Beginning with the line that has "molecular formula C23H44O4", please write out each remaining line of the listing below, word for word.
##########
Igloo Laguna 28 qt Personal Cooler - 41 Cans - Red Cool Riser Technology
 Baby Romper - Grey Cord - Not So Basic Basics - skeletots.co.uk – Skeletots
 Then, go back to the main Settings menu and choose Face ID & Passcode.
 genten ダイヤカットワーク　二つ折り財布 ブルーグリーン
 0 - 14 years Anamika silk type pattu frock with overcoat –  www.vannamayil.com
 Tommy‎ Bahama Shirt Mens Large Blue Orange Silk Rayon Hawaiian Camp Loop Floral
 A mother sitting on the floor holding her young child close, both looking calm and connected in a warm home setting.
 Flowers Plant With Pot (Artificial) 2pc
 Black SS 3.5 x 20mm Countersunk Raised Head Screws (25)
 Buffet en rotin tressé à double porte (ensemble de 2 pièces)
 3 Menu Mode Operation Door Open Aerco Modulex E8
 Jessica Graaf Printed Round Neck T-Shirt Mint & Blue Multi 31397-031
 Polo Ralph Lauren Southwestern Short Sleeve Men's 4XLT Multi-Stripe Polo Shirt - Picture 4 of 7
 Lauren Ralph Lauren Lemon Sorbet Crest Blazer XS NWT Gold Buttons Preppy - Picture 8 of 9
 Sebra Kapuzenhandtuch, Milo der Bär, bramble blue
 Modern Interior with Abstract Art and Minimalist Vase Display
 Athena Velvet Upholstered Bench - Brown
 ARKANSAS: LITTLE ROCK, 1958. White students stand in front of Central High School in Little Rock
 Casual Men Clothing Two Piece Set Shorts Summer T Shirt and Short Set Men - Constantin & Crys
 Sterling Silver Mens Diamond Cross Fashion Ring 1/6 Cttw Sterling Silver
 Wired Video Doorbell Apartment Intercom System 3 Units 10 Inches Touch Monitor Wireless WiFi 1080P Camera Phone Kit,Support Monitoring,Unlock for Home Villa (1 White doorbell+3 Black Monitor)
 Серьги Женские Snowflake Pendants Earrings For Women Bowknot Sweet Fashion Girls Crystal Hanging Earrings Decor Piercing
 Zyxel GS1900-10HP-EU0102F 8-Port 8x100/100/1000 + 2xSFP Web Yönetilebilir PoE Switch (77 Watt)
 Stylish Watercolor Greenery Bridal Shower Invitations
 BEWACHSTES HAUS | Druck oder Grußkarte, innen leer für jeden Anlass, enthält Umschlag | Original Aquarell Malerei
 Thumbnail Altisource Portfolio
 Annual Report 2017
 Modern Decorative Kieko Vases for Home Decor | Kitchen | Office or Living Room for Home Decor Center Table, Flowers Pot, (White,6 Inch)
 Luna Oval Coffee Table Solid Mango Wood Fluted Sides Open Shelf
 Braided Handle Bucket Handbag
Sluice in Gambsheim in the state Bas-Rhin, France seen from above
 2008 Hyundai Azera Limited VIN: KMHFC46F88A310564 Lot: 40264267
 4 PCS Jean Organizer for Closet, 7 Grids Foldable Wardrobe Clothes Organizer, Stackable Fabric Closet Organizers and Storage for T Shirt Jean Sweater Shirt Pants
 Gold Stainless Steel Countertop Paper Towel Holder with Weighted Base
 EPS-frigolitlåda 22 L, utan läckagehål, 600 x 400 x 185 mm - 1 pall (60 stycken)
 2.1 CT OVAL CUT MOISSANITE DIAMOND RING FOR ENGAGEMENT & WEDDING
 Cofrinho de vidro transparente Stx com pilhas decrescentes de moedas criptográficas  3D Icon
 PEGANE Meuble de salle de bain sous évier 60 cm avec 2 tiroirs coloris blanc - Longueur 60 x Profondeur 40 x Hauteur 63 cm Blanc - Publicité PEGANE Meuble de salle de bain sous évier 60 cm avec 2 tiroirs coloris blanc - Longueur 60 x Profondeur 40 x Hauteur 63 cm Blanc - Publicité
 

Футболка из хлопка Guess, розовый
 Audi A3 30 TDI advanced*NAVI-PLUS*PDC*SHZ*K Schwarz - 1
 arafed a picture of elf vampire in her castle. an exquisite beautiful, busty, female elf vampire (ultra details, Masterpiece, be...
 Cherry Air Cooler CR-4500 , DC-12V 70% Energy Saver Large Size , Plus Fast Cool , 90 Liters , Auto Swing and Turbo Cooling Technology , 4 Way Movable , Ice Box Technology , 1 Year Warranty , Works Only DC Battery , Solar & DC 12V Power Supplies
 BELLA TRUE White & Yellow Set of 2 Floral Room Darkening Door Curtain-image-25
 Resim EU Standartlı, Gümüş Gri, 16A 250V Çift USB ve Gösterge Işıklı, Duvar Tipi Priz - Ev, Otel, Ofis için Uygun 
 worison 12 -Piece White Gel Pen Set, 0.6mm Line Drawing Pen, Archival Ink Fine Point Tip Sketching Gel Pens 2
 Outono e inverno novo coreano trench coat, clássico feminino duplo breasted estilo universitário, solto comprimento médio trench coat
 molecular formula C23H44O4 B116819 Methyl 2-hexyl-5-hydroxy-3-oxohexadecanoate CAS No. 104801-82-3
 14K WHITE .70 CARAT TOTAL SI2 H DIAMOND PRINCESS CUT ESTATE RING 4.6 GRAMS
##########
Exercise output —
 molecular formula C23H44O4 B116819 Methyl 2-hexyl-5-hydroxy-3-oxohexadecanoate CAS No. 104801-82-3
 14K WHITE .70 CARAT TOTAL SI2 H DIAMOND PRINCESS CUT ESTATE RING 4.6 GRAMS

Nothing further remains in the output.